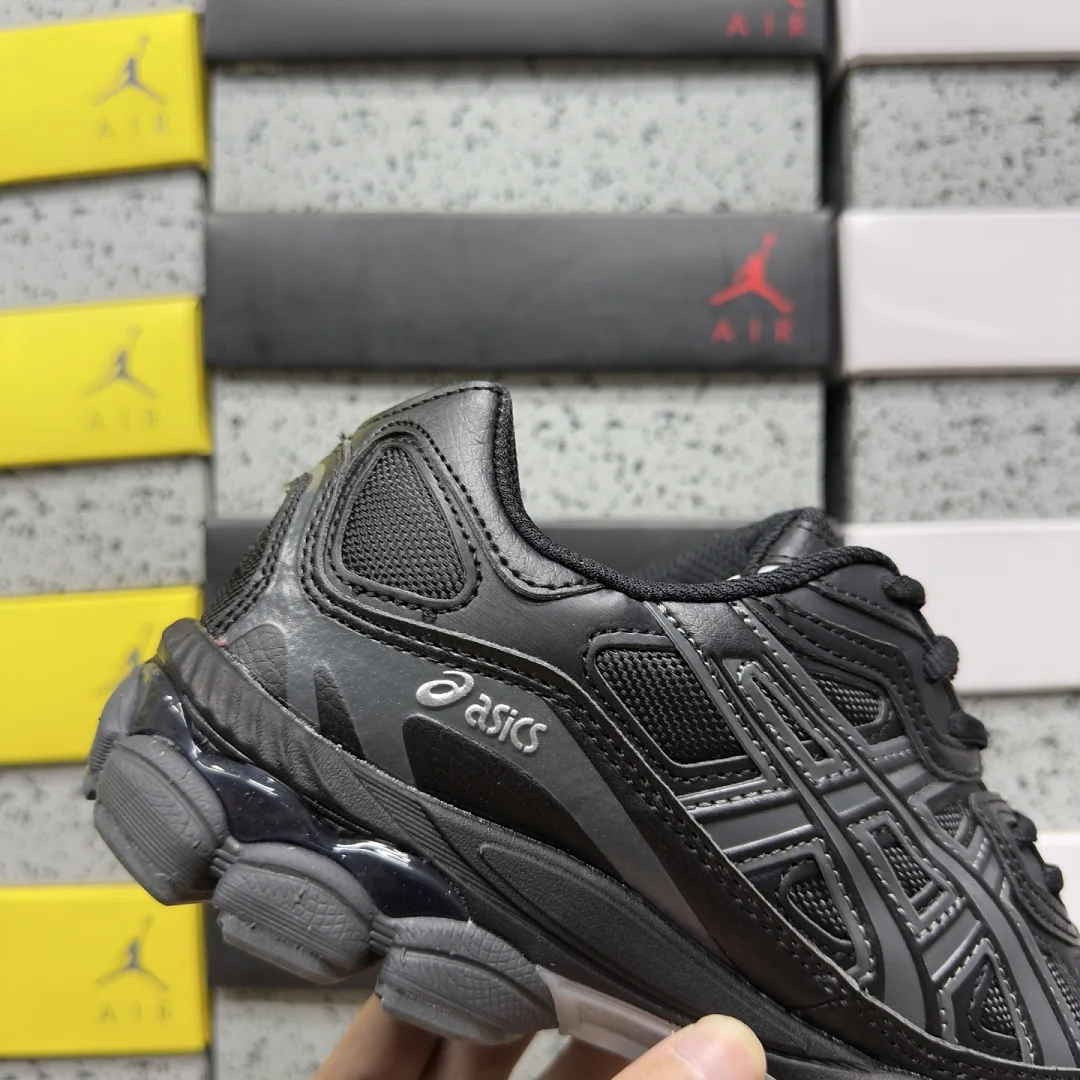 아식스 [WZ] 젤 NYC 1203A280-003 200462 Asics Gel-NYC Black 상세 이미지 3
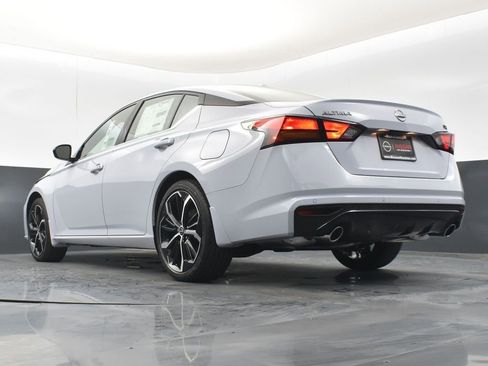 New 2025 Nissan Altima 2.5 SR image 41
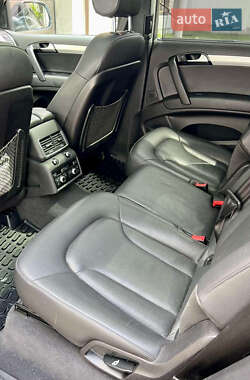 Внедорожник / Кроссовер Audi Q7 2014 в 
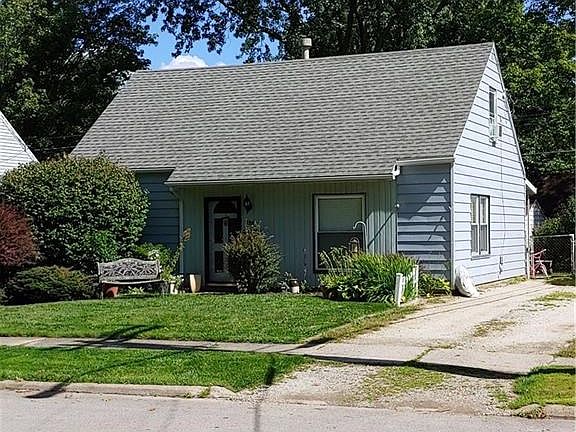 2nd image of 1987 Searl St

» Your assignment
Leave out the pictures, and retype exactly the lines from the one containing "New 2025 Nissan Altima 2.5 SR image 41" through the last line of the data above, no more and no less.

» The answer
 New 2025 Nissan Altima 2.5 SR image 41
 Внедорожник / Кроссовер Audi Q7 2014 в 
 2nd image of 1987 Searl St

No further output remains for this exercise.